La infancia de Manuel y José Miguel fue tumultuosa, callejera, traviesa. Los chicos jugaban en el cerro Santa Lucía, se peleaban con las bandas del barrio La Chimba, correteaban por la Plaza de Armas. Los mismos mocosos revoltosos que escandalizaban a los señores de la Alameda, serán, con los años, los revoltosos que escandalizarán con sus desplantes a los revolucionarios.

Manuel estudia en el Colegio Carolino y en la universidad de San Felipe. En 1807 se recibe de bachiller de leyes, y en 1811 se presenta al doctorado, pero por motivos de conducta no lo dejan rendir. Es que ya para entonces el muchacho era todo un personaje en Santiago. Le gustaban los bailongos, el naipe y las mesas de hombres que toman vino, riñen, pelean y se divierten. Las mujeres aseguran que era muy buen mozo. Y ya se sabe que en estos temas el jurado femenino es infalible. Delgado, esbelto, sus ojos son oscuros y su sonrisa le ilumina el rostro.

En 1811 estalla la revolución y su jefe es el íntimo amigo de Manuel: José Miguel Carrera. En mayo de ese año lo nombran Procurador de Santiago y en setiembre es designado diputado por Talca. Para fines de ese año, José Miguel lo nombra secretario de Guerra, y casi sobre fin de año se incorpora oficialmente al ejército para hacer lo que más le gusta hacer: guerrear y jugarse la vida por la revolución.

Las relaciones con Carrera no siempre son armoniosas. A mediados de 1812, José Miguel lo condena a un año de destierro en la isla Juan Fernández. Incorregible, Manuel ha estado conspirando contra algunos de los colaboradores de Carrera, y la sanción no se hace esperar. Después, el propio Carrera se encargará de que la pena no se cumpla, Y cuando un oficial de su amistad se lo reproche, responderá con una frase célebre: “Un amigo es un amigo”.

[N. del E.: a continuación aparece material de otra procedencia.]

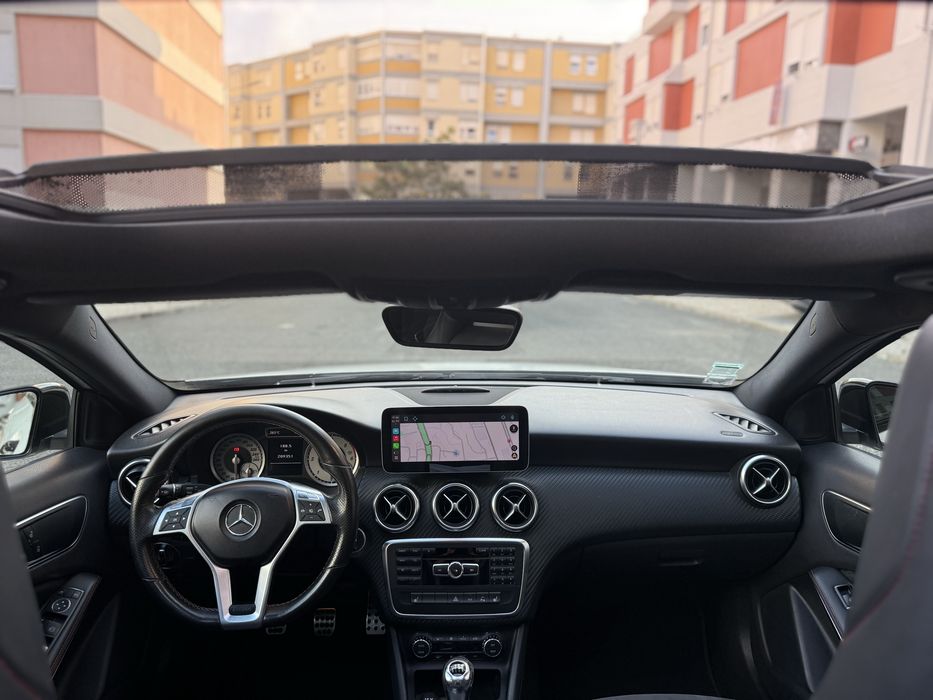 Mercedes Benz A180 AMG 2013.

Lo cierto es que para 1814 Carrera y Rodríguez ya están reconciliados. Un mes más tarde, el gobierno patriota es derrotado por las tropas españolas en Rancagua, poniéndole punto final a la experiencia de la llamada Patria Vieja. Los jefes chilenos huyen a Mendoza. Allí los espera San Martín, pero también las intrigas del exilio y las duras y despiadadas luchas internas.

San Martín es uno de los primeros en confiar en el genio de Rodríguez. Las instrucciones que les da son precisas: debe ingresar a Chile y valerse de todos los medios para incomodar a los españoles. El objetivo es distraerlos, desmovilizarlos. San Martín también quiere estar informado de lo que ocurre en Chile, sobre la identidad de sus enemigos y la lealtad de sus posibles aliados.

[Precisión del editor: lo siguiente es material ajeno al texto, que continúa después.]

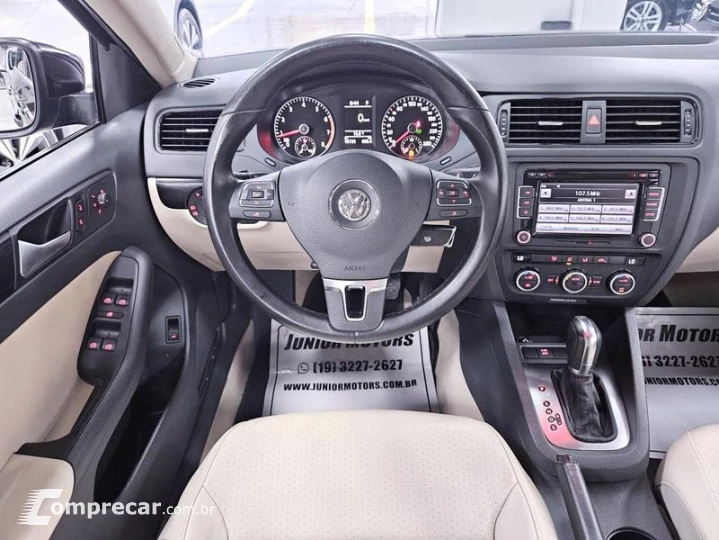 JETTA 2.0 COMFORTLINE FLEX 4P AUT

Indios, guasos, bandoleros, contrabandistas, todo servirá para el gran objetivo. El realismo de San Martín está dispuesto a tolerar hasta el delito con tal de ganar la guerra. Y sabe que Rodríguez con carta blanca es capaz de hacer cualquier cosa; incluso, algunas que ese oficial severo y puntilloso que es San Martín, ni se va a querer enterar.

Y aquí empieza la verdadera leyenda de Manuel Rodríguez. Durante más de dos años el hombre será para los españoles el mismísimo Mandinga. Sabotajes, conspiraciones, emboscadas, asaltos a mano armada, todo era útil para la causa. Los realistas saben de la existencia y del peligro que representa ese “petimetre insolente”. El gobernador español, don Francisco Casimiro Marcó del Pont, pone precio a su cabeza, pero el que quiere verlo colgado de una rama es el capitán Vicente San Bruno, comandante del temible regimiento de Talavera.

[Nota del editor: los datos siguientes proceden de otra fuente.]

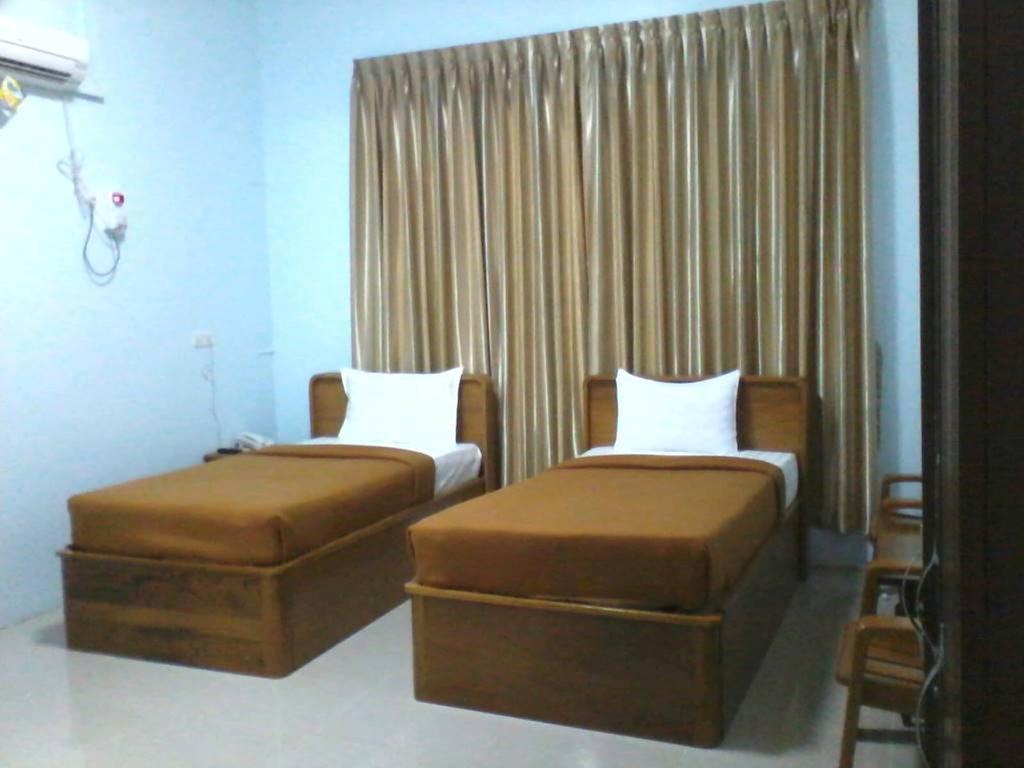 Aung Tha Pyay Hotel 3 Yangon Rom bilde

San Bruno reúne todas las condiciones para ser el enemigo histórico de Rodríguez. Antes de ser militar había sido sacerdote, y era de los curas que dejó la sotana para predicar con más contundencia su credo hispanista. Bajo, gordo, colérico, era un fanático de Dios, el orden y Fernando VII. Sádico y violento, torturaba personalmente a sus prisioneros. San Bruno luego será fusilado y el autor de la orden será San Martín. Pero su humillación más grande no será el paredón, sino las burlas a las que lo sometió Manuel Rodríguez, transformando al terror de la represión realista en un pelele ridículo, torpe y tonto. Pero no nos adelantemos a los acontecimientos.